Your objective: Of the records that follow, copy only the lines from the line containing "Ceramic Espresso Cup" to the line containing "Aliyaduo Kid's Bike", both included, exactly as written.

---------- Study material ----------

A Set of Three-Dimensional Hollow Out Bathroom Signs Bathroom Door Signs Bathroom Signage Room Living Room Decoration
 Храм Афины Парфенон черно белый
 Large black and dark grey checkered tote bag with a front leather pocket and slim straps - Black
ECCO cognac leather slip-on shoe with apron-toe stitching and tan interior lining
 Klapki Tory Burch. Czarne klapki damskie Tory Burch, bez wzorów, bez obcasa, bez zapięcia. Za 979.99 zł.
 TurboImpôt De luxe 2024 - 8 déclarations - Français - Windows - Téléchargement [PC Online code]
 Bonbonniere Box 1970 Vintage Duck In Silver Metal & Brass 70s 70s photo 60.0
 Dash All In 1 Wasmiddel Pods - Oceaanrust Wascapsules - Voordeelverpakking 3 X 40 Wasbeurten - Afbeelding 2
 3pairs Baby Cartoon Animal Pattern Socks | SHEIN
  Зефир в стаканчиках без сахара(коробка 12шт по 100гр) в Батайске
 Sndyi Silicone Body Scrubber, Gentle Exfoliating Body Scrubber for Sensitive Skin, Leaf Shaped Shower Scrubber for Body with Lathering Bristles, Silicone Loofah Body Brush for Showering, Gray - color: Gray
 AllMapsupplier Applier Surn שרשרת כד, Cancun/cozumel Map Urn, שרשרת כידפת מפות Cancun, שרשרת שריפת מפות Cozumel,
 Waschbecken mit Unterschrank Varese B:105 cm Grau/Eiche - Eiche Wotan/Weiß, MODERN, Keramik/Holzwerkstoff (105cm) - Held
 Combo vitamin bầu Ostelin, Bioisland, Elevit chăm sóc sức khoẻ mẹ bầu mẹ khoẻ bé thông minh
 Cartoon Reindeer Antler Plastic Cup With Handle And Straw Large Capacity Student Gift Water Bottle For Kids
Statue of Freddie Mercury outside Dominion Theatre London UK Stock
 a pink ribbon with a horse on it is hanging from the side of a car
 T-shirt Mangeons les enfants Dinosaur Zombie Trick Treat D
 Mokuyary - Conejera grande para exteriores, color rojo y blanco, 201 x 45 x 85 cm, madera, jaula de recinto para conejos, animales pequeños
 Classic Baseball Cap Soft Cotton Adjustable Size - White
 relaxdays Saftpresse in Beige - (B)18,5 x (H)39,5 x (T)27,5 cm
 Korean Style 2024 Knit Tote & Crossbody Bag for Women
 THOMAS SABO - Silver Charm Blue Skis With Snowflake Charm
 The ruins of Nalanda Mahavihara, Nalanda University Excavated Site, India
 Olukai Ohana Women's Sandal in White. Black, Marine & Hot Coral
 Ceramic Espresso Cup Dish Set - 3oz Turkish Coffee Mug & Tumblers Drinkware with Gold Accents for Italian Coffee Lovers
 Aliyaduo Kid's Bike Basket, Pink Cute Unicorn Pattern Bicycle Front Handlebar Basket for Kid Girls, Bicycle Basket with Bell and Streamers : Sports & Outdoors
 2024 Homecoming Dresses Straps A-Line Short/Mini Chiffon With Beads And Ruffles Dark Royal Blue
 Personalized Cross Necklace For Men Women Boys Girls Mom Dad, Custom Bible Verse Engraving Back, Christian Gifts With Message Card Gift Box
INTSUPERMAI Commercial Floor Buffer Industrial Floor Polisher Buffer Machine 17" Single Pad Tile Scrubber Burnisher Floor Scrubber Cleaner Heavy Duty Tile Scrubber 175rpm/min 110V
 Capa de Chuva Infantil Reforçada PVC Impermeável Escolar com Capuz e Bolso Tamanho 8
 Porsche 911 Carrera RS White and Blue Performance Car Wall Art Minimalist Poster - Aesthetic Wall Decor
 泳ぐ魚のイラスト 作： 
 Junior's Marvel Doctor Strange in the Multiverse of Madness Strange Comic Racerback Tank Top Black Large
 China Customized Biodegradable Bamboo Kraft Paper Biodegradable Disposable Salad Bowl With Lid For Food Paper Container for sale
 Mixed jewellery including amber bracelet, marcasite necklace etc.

----------

Result of this task:
 Ceramic Espresso Cup Dish Set - 3oz Turkish Coffee Mug & Tumblers Drinkware with Gold Accents for Italian Coffee Lovers
 Aliyaduo Kid's Bike Basket, Pink Cute Unicorn Pattern Bicycle Front Handlebar Basket for Kid Girls, Bicycle Basket with Bell and Streamers : Sports & Outdoors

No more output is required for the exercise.